*** Opening EXTRACTED ENTRIES ***

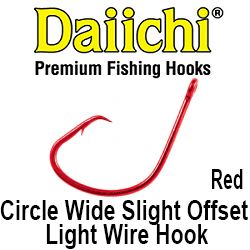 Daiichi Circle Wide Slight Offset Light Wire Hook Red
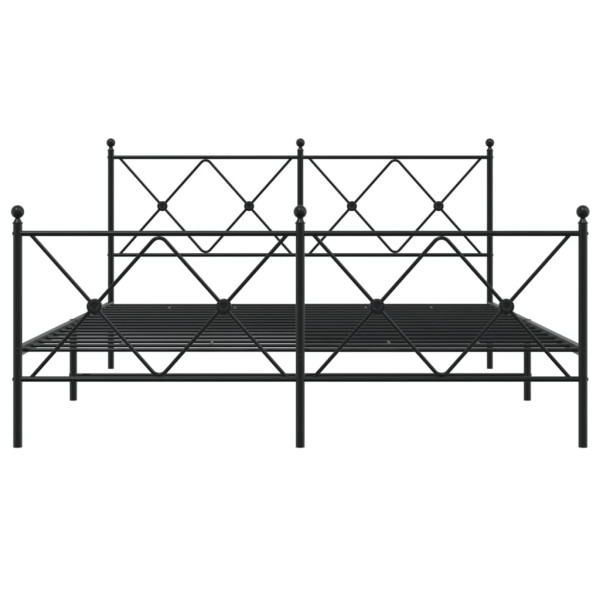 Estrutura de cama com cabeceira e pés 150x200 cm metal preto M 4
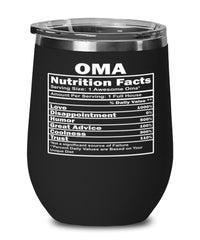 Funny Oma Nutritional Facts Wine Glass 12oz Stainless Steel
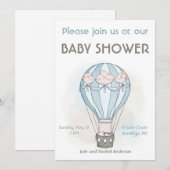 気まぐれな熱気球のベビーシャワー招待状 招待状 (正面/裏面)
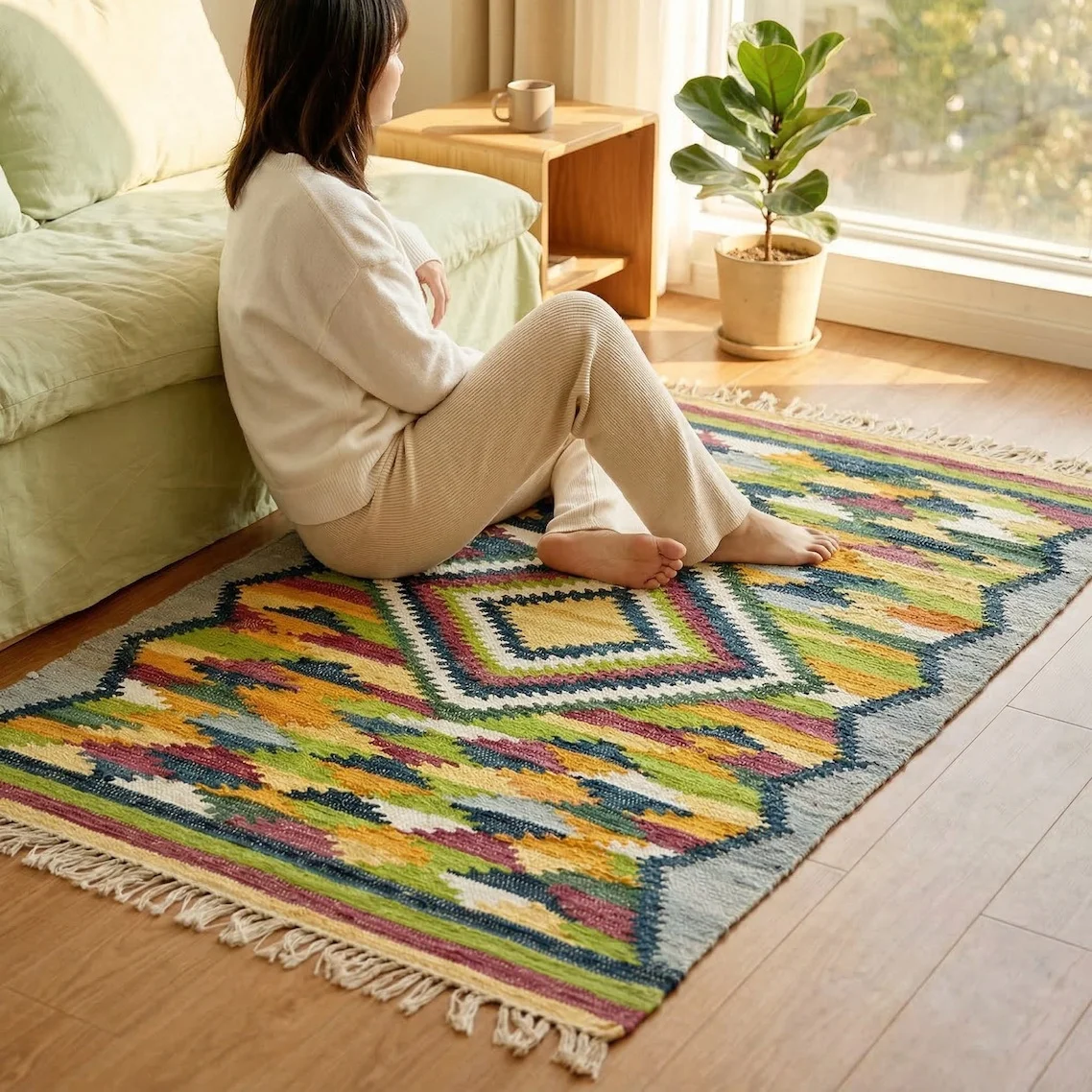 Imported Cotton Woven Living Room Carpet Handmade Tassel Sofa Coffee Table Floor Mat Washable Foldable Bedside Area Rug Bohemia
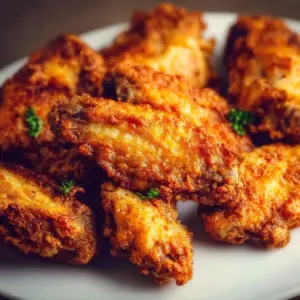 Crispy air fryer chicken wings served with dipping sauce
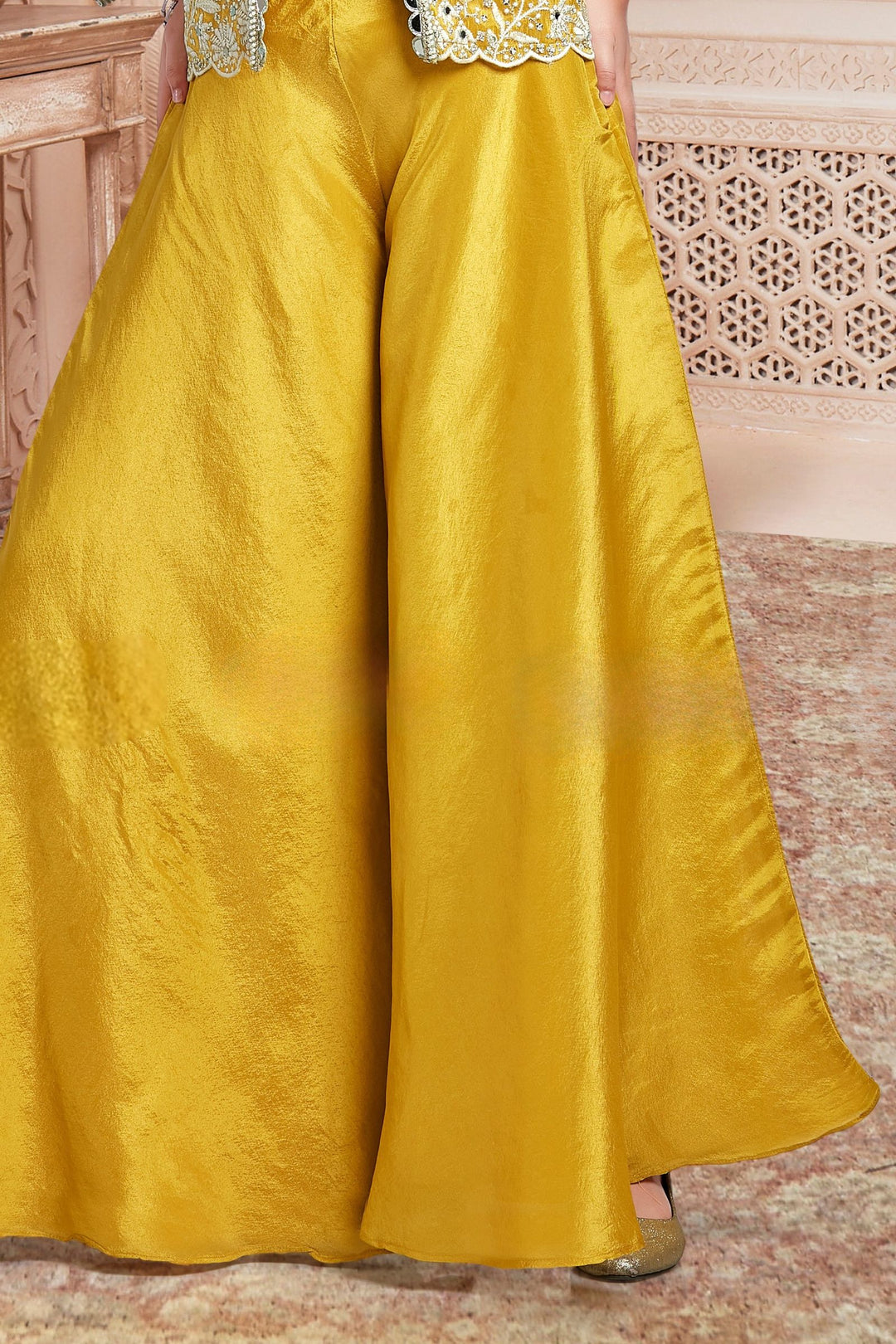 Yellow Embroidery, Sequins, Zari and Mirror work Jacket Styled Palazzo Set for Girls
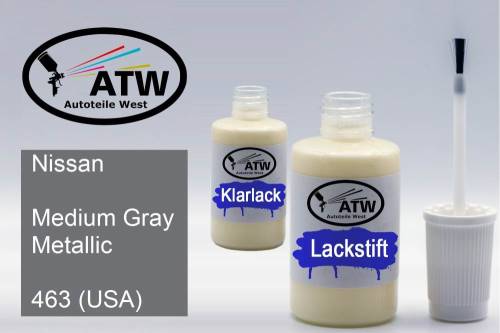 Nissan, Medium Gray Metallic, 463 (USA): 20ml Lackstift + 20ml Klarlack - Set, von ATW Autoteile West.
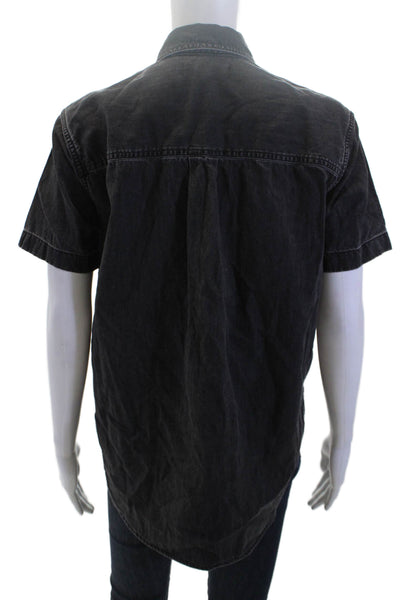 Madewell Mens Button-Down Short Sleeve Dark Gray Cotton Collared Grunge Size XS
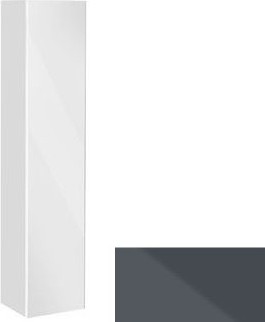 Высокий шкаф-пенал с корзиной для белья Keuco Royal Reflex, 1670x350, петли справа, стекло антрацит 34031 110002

*** Closing EXTRACTED ENTRIES ***
*** Opening EXTRACTED ENTRIES ***

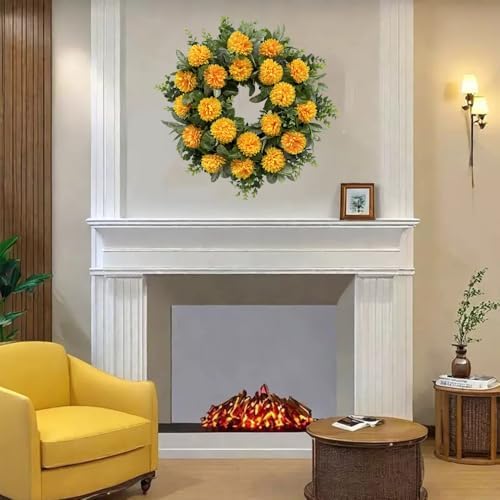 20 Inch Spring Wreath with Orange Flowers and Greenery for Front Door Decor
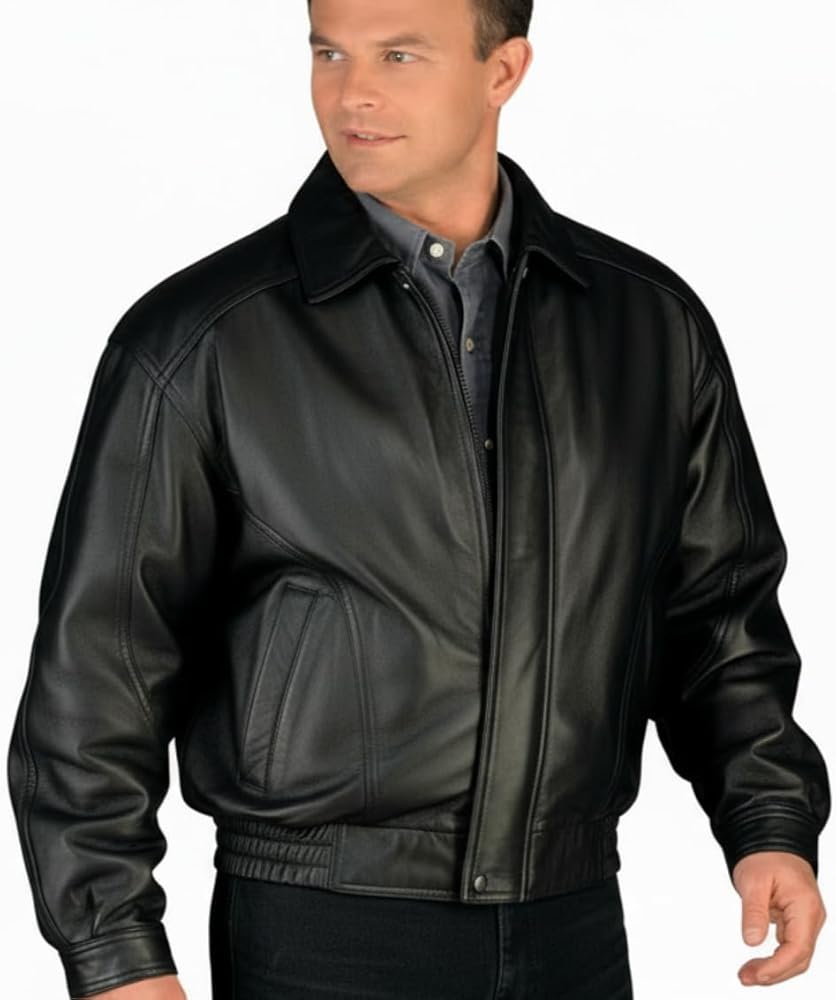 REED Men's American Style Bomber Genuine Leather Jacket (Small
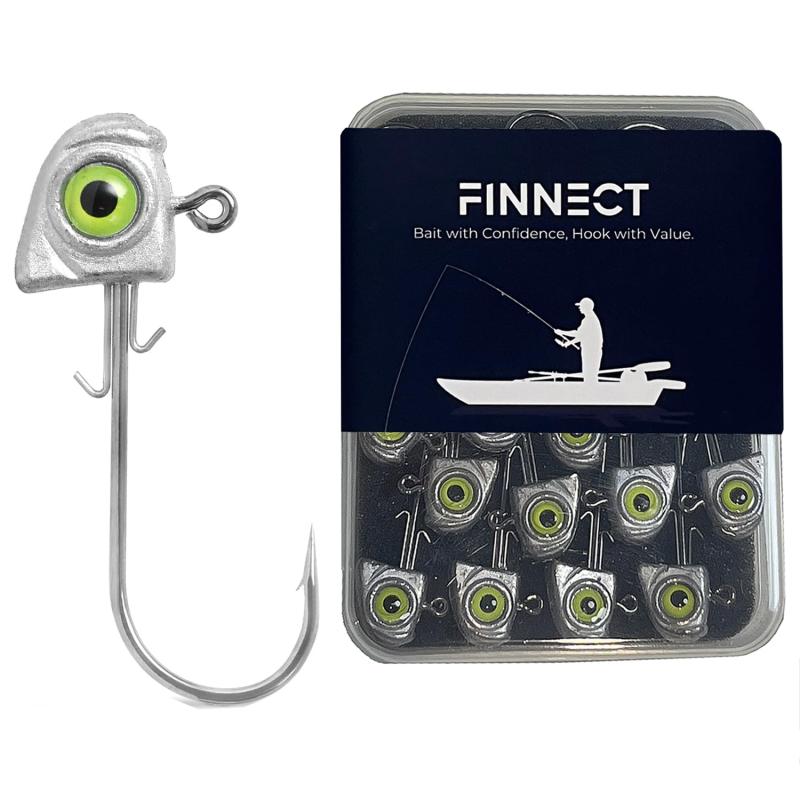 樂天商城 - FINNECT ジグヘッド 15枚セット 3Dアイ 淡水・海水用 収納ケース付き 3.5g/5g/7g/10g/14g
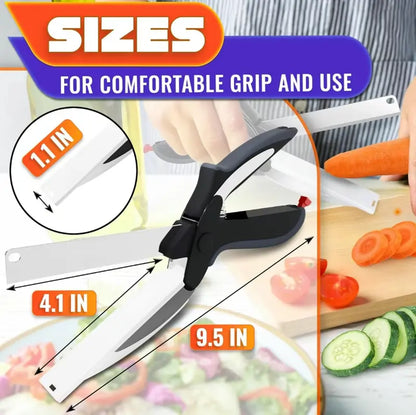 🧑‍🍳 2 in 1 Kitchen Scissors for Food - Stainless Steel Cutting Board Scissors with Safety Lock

*** Closing EXTRACTED ENTRIES ***
*** Opening EXTRACTED ENTRIES ***

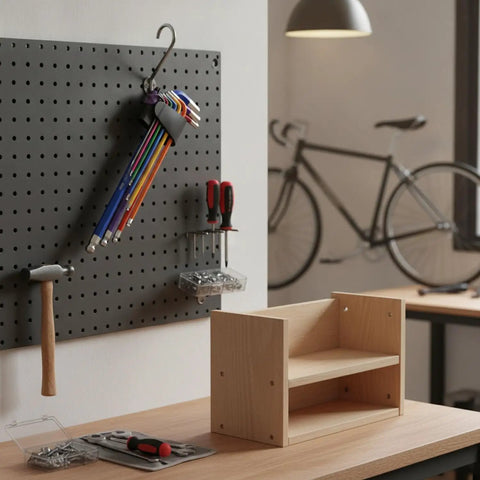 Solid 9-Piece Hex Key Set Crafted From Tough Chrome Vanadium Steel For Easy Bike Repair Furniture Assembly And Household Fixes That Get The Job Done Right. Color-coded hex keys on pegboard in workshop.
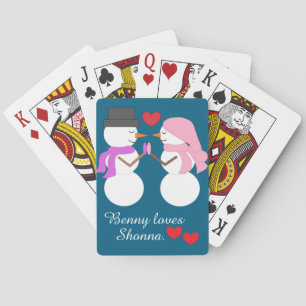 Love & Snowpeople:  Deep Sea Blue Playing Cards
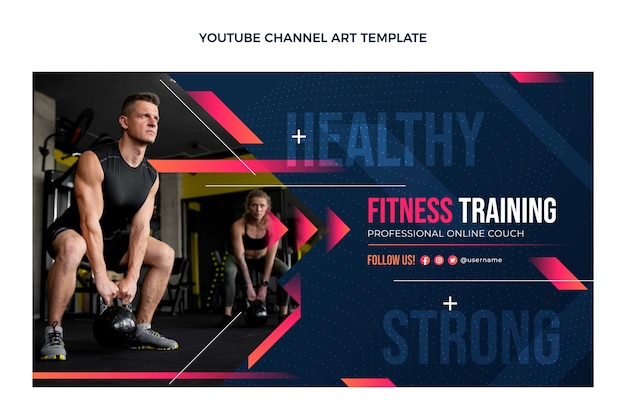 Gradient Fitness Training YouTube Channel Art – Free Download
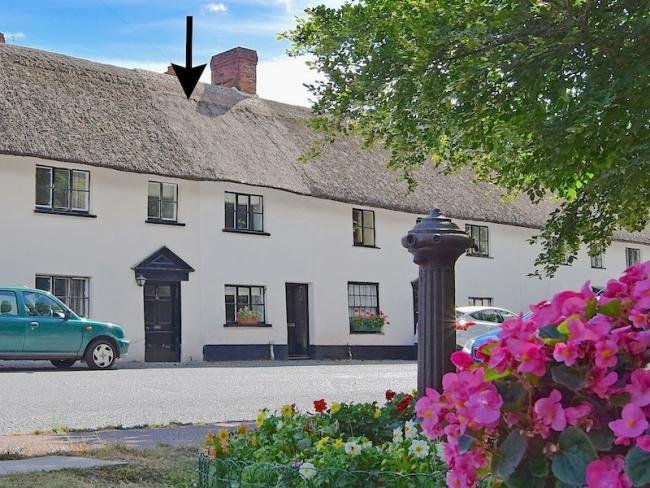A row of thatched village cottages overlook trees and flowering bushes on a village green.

*** Closing EXTRACTED ENTRIES ***

▶ [WORK REQUIRED] Above are the records; please give again, exactly and in full, only the lines that run from the line with "Funny Oma Nutritional" through the line with "Yellow Embroidery, Sequins, Zari", with no pictures.

▶ [EXERCISE RESULT]
 Funny Oma Nutritional Facts Wine Glass 12oz Stainless Steel
 気まぐれな熱気球のベビーシャワー招待状 招待状 (正面/裏面)
 Imported Cotton Woven Living Room Carpet Handmade Tassel Sofa Coffee Table Floor Mat Washable Foldable Bedside Area Rug Bohemia
 Crispy air fryer chicken wings served with dipping sauce
 Yellow Embroidery, Sequins, Zari and Mirror work Jacket Styled Palazzo Set for Girls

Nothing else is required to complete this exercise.